Theorem 1. There exists a simulator $S_{1}$ that perfectly simulates the server’s view when $h = 1$ . In other words, it holds that:

$\begin{aligned} {S_{1} (| X_{q} |, | X_{1} \cap \dots \cap X_{n} |)}_{X_{i} \subseteq U | i = 1, \dots, n} \\ \overset{s}{\equiv} {v i e w_{s r v} (X_{1}, \dots, X_{n})}_{X_{i} \subseteq U | i = 1, \dots, n} . \end{aligned}$

Proof. The view of the server only contains the incoming messages $R_{i}$ for $i = 1, \dots, n$ and H. We construct simulator $S_{1}$ as follows:

In step 3 of the protocol, $P_{s r v}$ receives $R_{i}$ for $i = 1, \dots, n$ , which it must simulate. Knowing $| X_{1} \cap \dots \cap X_{n} |$ , the simulator randomly samples $J \leftarrow {0, \dots, m - 1}^{| X_{1} \cap \dots \cap X_{n} |}$ , which represent the Bloom filter indices that are set to $1$ . It then generates $R \in_{R} {0, 1}^{40 m}$ . For each $j \in J$ , the simulator sets the 40-bit segment to zero: $R [j]_{40} \leftarrow 0 \dots 0$ . Finally, it generates $R_{i'} \in_{R} {0, 1}^{40 m}$ for $i^{'} = 2, \dots, n$ , and $R_{1} \leftarrow R_{2} \oplus \dots \oplus R_{n} \oplus R$ .
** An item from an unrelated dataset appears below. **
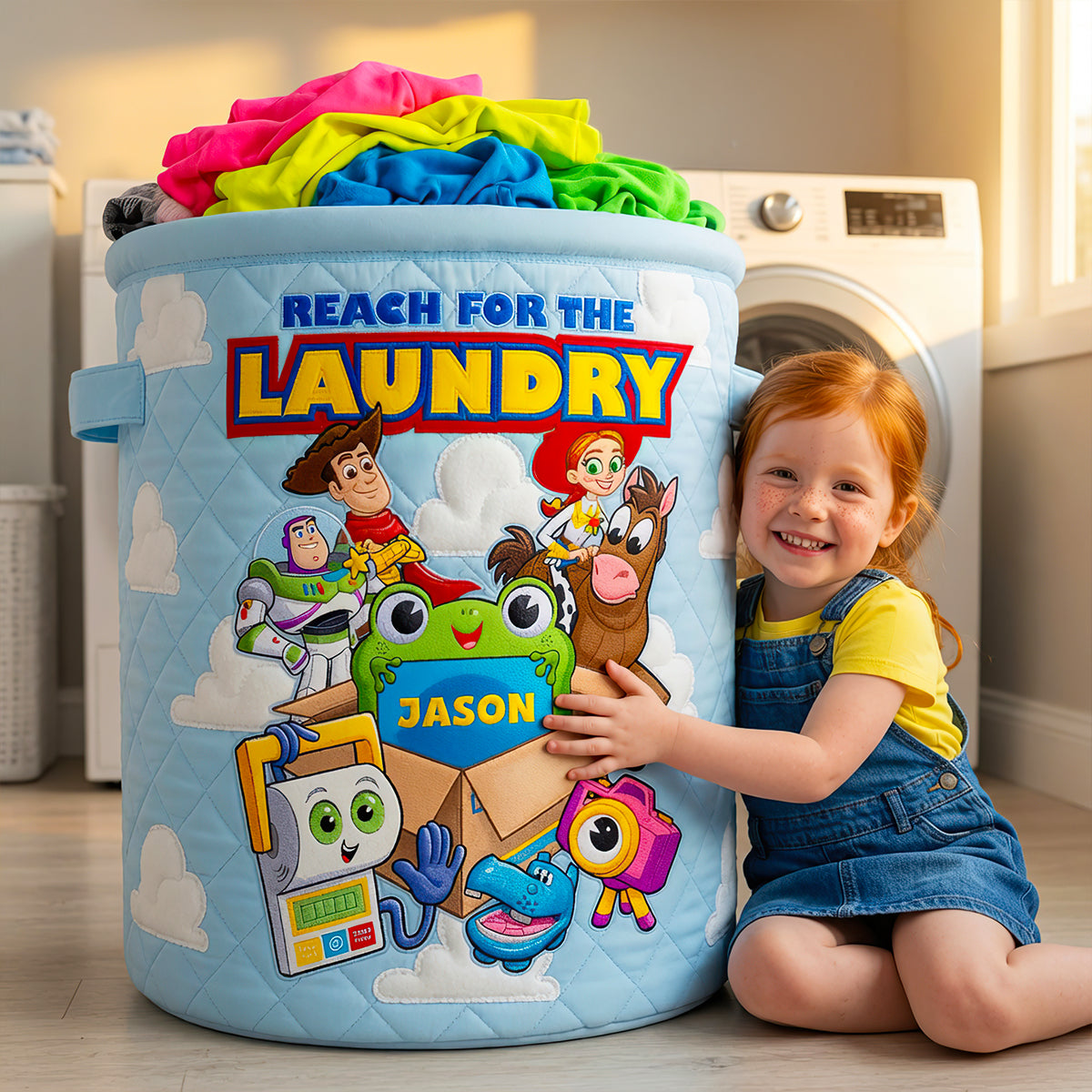 Reach For The Laundry Basket - Personalized Gift for Kids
In step 4 of the protocol, $P_{s r v}$ receives H. The simulator first sets $H \leftarrow J$ , and then insert random hashes $H_{1} (x) \in_{R} {0, \dots, m - 1}$ into H until $| H | = | X_{q} |$ .

We then show that these simulated incoming messages are indistinguishable from the actual messages:

From Lemma 1 we have that ${M_{2}, \dots, M_{n}} \overset{s}{\equiv} {R_{2}, \dots, R_{n}}$ and that $M_{1} \overset{s}{\equiv} R_{2} \oplus \dots \oplus R_{n}$ . If we XOR some $x$ to any $M_{i}$ for $i = 2, \dots, n$ it still holds that the result is indistinguishable from randomness. If we do the same for $M_{1}$ , it holds that $M_{1} \oplus x \overset{s}{\equiv} R_{2} \oplus \dots \oplus R_{n} \oplus x$ . In other words, so long as $R \overset{s}{\equiv} {\hat{Y}}_{1} \cap \dots \cap {\hat{Y}}_{n}$ , the simulated $R_{1}, \dots, R_{n}$ are indistinguishable from those generated in the actual view.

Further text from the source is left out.